## PROBLEM STATEMENT
Pull every line that includes the word "Brooklyn" from the data.

## Data excerpts
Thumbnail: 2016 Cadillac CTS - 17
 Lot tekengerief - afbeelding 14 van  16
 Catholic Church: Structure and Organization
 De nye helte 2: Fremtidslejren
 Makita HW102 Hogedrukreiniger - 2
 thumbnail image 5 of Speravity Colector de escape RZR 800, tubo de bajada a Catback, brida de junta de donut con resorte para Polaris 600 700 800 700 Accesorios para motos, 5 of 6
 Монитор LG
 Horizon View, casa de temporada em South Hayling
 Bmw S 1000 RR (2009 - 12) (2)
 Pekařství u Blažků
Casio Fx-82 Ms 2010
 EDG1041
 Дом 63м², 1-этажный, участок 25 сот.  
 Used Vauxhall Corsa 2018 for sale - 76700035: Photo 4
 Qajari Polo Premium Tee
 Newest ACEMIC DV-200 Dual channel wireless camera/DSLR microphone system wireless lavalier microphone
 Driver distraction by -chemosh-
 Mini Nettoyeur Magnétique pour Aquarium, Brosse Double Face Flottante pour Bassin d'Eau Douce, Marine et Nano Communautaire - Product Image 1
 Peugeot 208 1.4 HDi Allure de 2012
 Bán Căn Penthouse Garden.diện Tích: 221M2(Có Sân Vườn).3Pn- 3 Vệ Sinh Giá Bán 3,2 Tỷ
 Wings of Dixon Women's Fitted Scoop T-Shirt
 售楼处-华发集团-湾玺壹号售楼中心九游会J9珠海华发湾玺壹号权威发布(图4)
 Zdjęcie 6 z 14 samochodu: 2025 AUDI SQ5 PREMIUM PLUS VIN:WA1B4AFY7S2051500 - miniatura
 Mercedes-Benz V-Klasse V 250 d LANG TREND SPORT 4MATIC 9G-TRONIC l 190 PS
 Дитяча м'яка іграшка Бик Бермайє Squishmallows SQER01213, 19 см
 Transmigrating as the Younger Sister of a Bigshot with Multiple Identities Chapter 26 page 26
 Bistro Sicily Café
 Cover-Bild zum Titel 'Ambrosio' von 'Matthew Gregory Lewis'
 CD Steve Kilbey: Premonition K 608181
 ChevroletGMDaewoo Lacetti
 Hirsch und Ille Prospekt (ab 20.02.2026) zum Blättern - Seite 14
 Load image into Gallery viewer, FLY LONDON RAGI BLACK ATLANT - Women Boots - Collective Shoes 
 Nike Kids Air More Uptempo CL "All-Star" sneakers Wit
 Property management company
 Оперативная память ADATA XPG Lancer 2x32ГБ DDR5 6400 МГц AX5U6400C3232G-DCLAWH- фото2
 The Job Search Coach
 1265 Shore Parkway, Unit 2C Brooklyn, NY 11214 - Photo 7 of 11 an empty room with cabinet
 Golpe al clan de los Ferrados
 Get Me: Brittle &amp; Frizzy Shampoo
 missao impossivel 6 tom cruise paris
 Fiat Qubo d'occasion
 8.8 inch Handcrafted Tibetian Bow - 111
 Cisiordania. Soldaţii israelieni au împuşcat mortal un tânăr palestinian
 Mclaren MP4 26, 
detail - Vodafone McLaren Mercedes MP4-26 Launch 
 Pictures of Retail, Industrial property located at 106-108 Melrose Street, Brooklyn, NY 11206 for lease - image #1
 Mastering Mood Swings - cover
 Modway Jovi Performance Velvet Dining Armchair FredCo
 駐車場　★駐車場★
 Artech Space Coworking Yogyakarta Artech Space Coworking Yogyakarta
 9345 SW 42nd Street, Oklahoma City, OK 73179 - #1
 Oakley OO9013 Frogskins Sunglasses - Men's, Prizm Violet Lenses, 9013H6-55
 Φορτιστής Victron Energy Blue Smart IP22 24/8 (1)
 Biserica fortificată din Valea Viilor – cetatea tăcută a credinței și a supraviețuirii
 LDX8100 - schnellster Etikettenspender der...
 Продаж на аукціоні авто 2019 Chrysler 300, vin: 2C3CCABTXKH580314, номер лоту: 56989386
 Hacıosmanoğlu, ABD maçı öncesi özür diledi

## EXERCISE RESPONSE
 1265 Shore Parkway, Unit 2C Brooklyn, NY 11214 - Photo 7 of 11 an empty room with cabinet
 Pictures of Retail, Industrial property located at 106-108 Melrose Street, Brooklyn, NY 11206 for lease - image #1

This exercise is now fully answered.